De acordo com a OIE, a detecção de anticorpos específicos ao EAV é baseada no teste de soroneutralização. No entanto, diversos tipos de ensaios imunoenzimáticos (ELISA) têm sido desenvolvidos ao longo dos anos na tentativa de simplificar o diagnóstico sorológico do EAV. Os primeiros testes tinham como característica negativa o grande numero de falso-positivos devido a reações cruzadas com antígenos provenientes de vacinas produzidas em cultura celular (GLASER et al, 1997). Dois testes desenvolvidos, um por Cho et al. (2000) utilizando um anticorpo monoclonal de bloqueio e o outro por Nugent et al. (2000)
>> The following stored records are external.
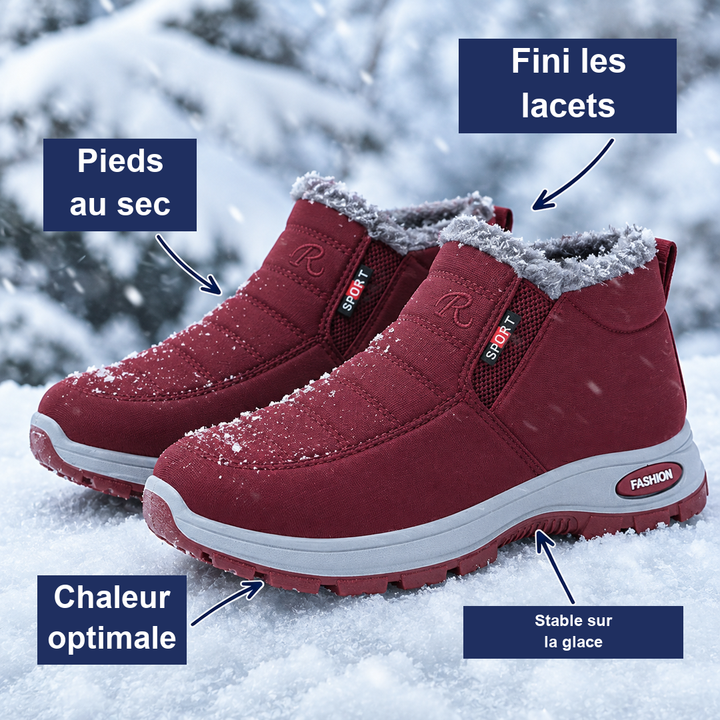 Colette™ | Chaussures Antidérapantes Hiver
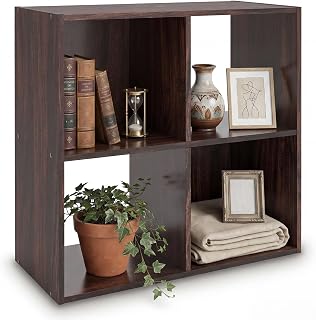 Signature Design by Ashley Glosmount 4 Cube Storage Organizer, Compact Freestanding, Cherry/Light Brown, 24''W x 12''D x 24''H, Engineered Wood (MDF/particleboard/plywood) and Decorative Laminate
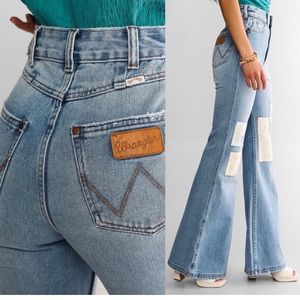 NWT Billabong x Wrangler Flare Patchwork Jeans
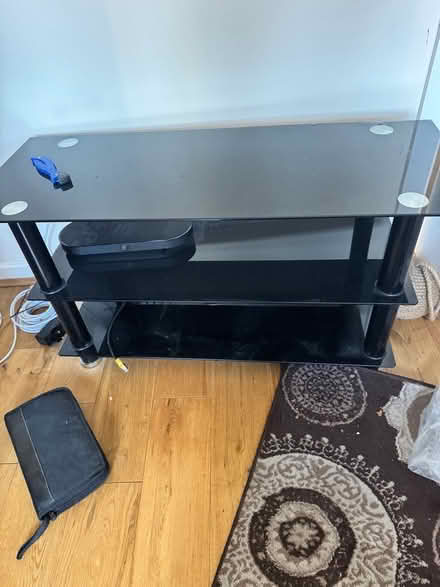 Photo of free Smoke black tv and dvd stand (Lamorbey DA15) #1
utilizando a proteína de envelope G têm sido extremamente promissores, com sensibilidade de 99,4 e 96,7% e especificidade de 97,7 e 95,6 % respectivamente (NEWTON et al, 2004).
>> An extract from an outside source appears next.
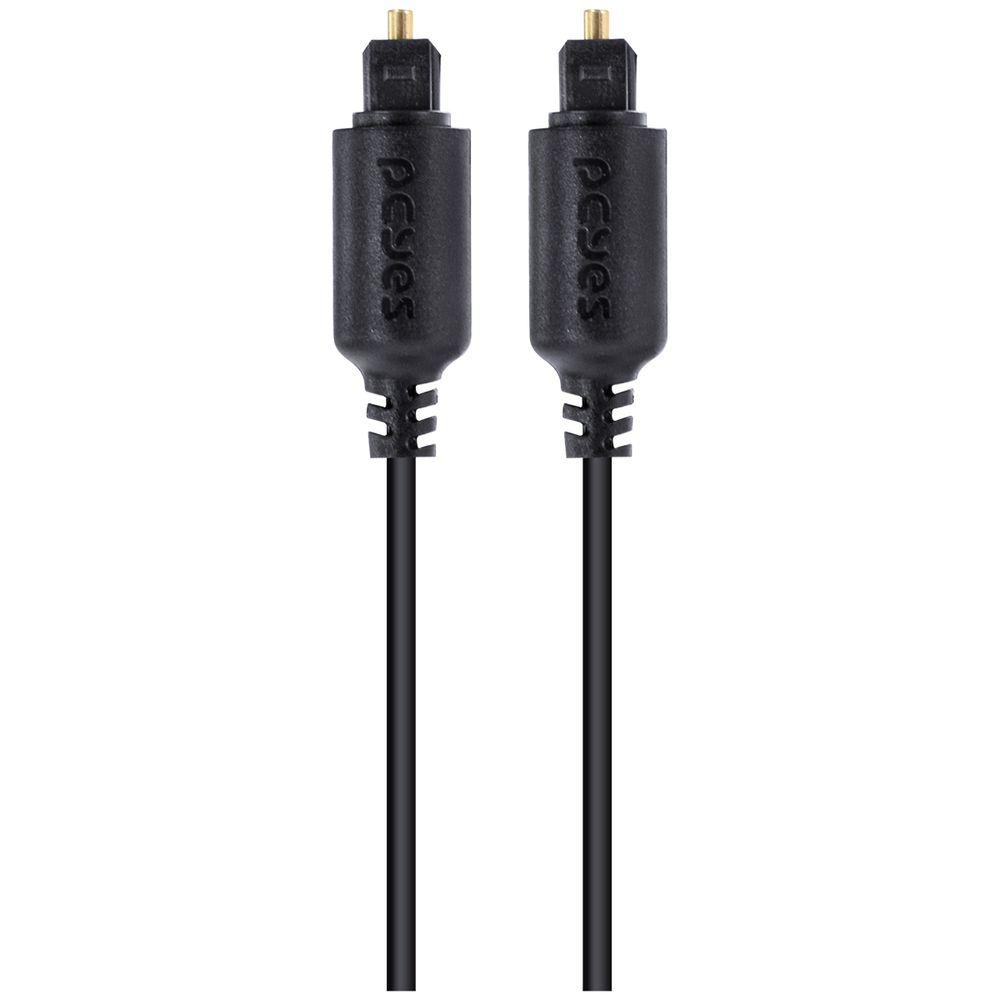 Cabo Óptico Digital Toslink PCYES POD 1 1 Metro - 3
A identificação do estado de portador de um garanhão deve ser primeiramente realizada a partir de um exame sorológico para detectar a presença ou não de anticorpos neutralizantes contra o EAV. Garanhões com título de 4 ou superiores sem histórico de vacinação prévia para o EAV devem ser considerados potenciais portadores. Neste caso deve ser realizado o isolamento viral ou a detecção de ácido nucléico viral em amostra de sêmen do animal (TIMONEY, 2002).